As real as ‘Cine’ gets | Inquirer Entertainment

As real as ‘Cine’ gets

/ 12:01 AM September 29, 2014
SCENE from Nawruz Paguidopon’s “A Journey to Haifa”

SCENE from Nawruz Paguidopon’s “A Journey to Haifa”

A Facebook photo shows young people lining up in a cineplex to watch a documentary. It’s not a documentarian’s flight of fancy; it’s for real.

Against all odds, GMA News TV mounted the first Cine Totoo Philippine International Documentary Film Festival in three malls: TriNoma, SM Megamall and SM Manila (until Tuesday).


In the Philippine section, 11 docus competed; while seven films vied for the top prize in the Southeast Asian section. Awarding is on Oct. 2.

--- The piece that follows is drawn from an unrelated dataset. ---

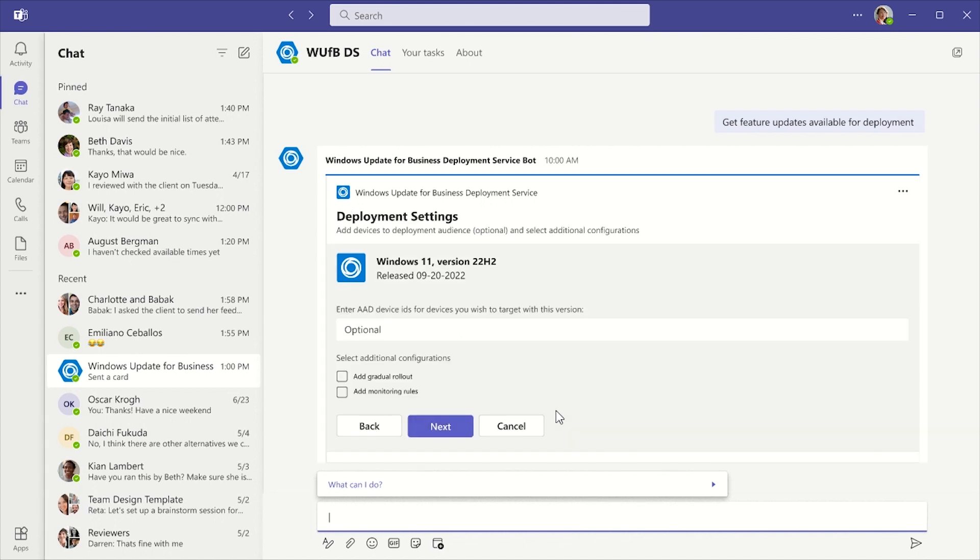Next, I can optionally enter the Azure Active Directory IDs for the devices I wish to target with this version in the text box. I'm choosing to leave this blank for this demo.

The Filipino documentarians tackled a wide array of topics.


Keith Sicat’s “Komikero Chronicles” turned the spotlight on the local comic book community.

As a self-confessed comic book aficionado, Sicat thought the time was ripe for his docu. “For the longest time, critics looked down on komiks as bakya, only for the masses. But this year, komiks icon Francisco V. Coching was proclaimed a National Artist. Recently, I found out that (national hero) Jose Rizal was our first comic book creator.”

Comic books “communicate societal and political ideas to the masses,” he said. “Some comics can be escapist, but often these stories reflect social realities.”

Rafael Froilan’s “Mananayaw” explores the world of male ballet dancers. Beatriz Antonia Carabeo of Ballet Philippines noted: “We chose to tell the stories of male ballet dancers because they so rarely get the credit they deserve. They are the unsung heroes of the dance world.”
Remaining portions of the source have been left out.